How Accurate is the Georgia DUI Breath Test?
The Alcosensor Field Test
The Alcosensor, or handheld breath test, can be useful if you are sober or have consumed very little alcohol–two drinks or less. The numerical results of an Alcosensor Test are not admissible in court; the only admissible result from the test is whether the accused blew a positive or negative reading. The Alcosensor is highly inaccurate and has no ability to filter or distinguish between breath alcohol and other substances that mimic alcohol in infrared light. However, many police place undeserved weight on Alcosensor results in their arrest, despite the numeric result being inadmissible.

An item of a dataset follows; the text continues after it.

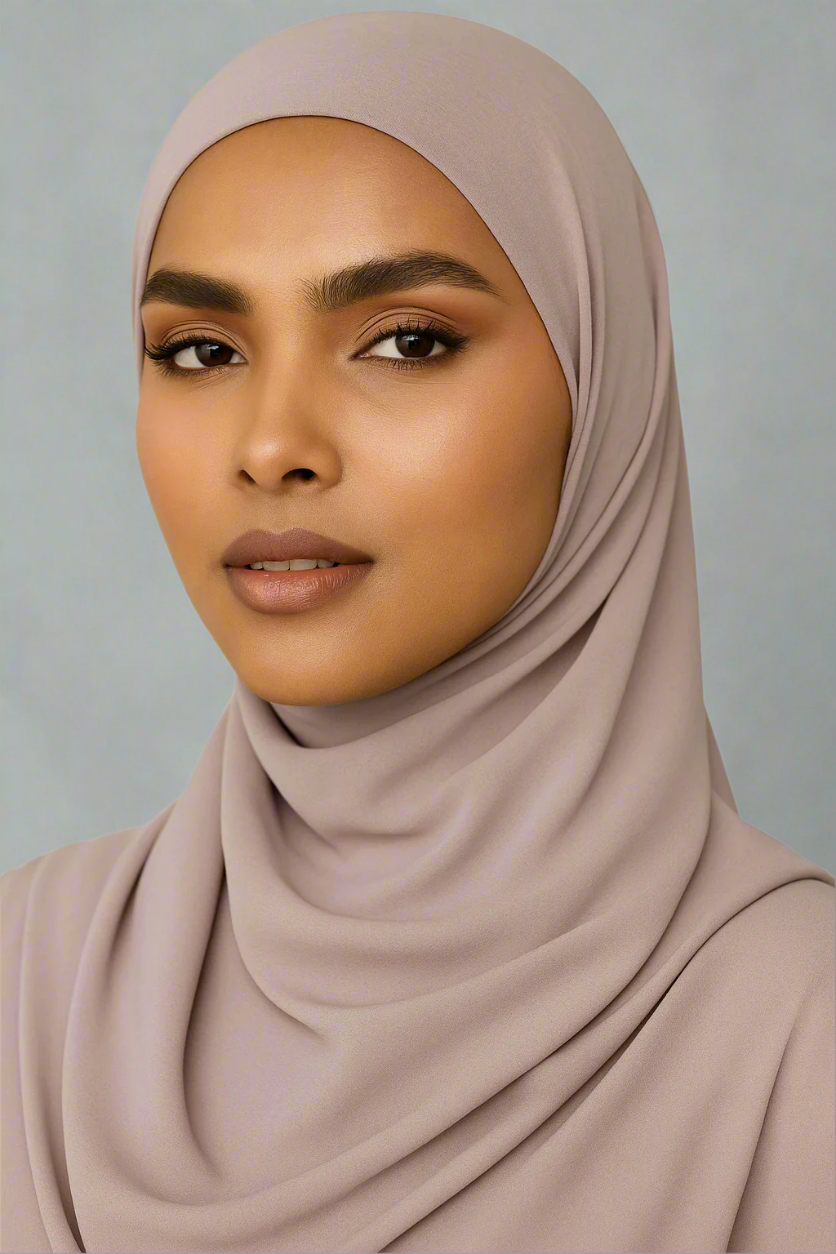 Velvet Satin Chiffon Hijab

The State-Administered Breath Test
The Intoxilyzer 5000 is the State-administered breath test. This test is supposedly more accurate than the Alcosensor. It has filters for interferents like Acetone, mouth alcohol, radio frequency interference and other solvents that mimic alcohol on the infrared spectrum. The machine has a margin of error of +/- 0.02, which is 25% of the legal limit (0.08 grams). Because of this margin of error, the police must take two breath samples and the results must not vary more than 0.02 grams. Also, the police can only use the lowest of two breath samples. If an individual does not provide two breath samples, they can be charged with a “refusal” which carries a one year license suspension. However, if agreed upon, the police can only make you blow a maximum of four times.
What?! No Warranty?
Did you know that the company which manufactures the Intoxylizer 5000, CMI, Inc., will not warranty that the device is capable of measuring blood alcohol levels?

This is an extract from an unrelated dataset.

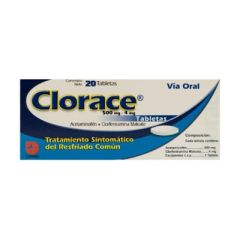 CLORACE 500 MG 4MG X 20 TABL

History, Science, and Limitations of Breath Testing
A breathalyzer is a device used for estimating blood alcohol content (BAC) from a breath sample. “Breathalyzer” is the brand name of a model made by one manufacturer (originally Smith and Wesson, later National Draeger), but has become a genericized trademark for all such instruments. Intoxilyzer, Intoximeter, Alcotest, Alcosensor and Datamaster are the other most common brand names in use today. The U.S. Government’s National Highway Traffic Safety Administration maintains a “Conforming Products List” of breath alcohol devices approved for law enforcement use.

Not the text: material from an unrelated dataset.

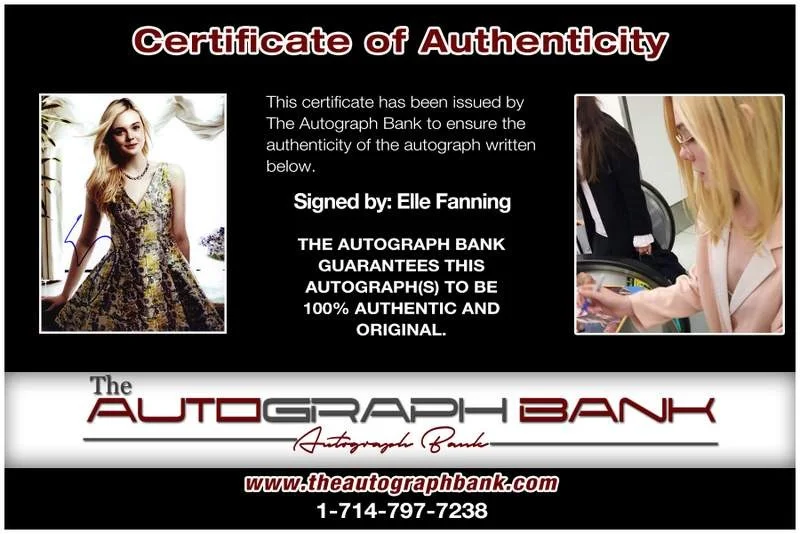 Elle Fanning — Elle Fanning authentic signed celebrity 8x10 photo W/Cert Autographed A0009, изображение 2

Though technologies for detecting alcohol vary, it’s widely accepted that Dr. Robert Borkenstein (1912-2002), a captain with the Indiana State Police and later a professor at Indiana University, is regarded as the first to create a device that measures a subject’s alcohol level based on a breath sample. In 1954, Borkenstein invented his breathalyzer, which used chemical oxidation and photometry to determine alcohol concentration. The invention of the breathalyzer provided law enforcement with a non-invasive test that produced immediate results that could be used to determine an individual’s level of intoxication. The various versions of the Breathalyzer were made by Smith and Wesson, the gun manufacturer, until it was sold to the German company National Draeger.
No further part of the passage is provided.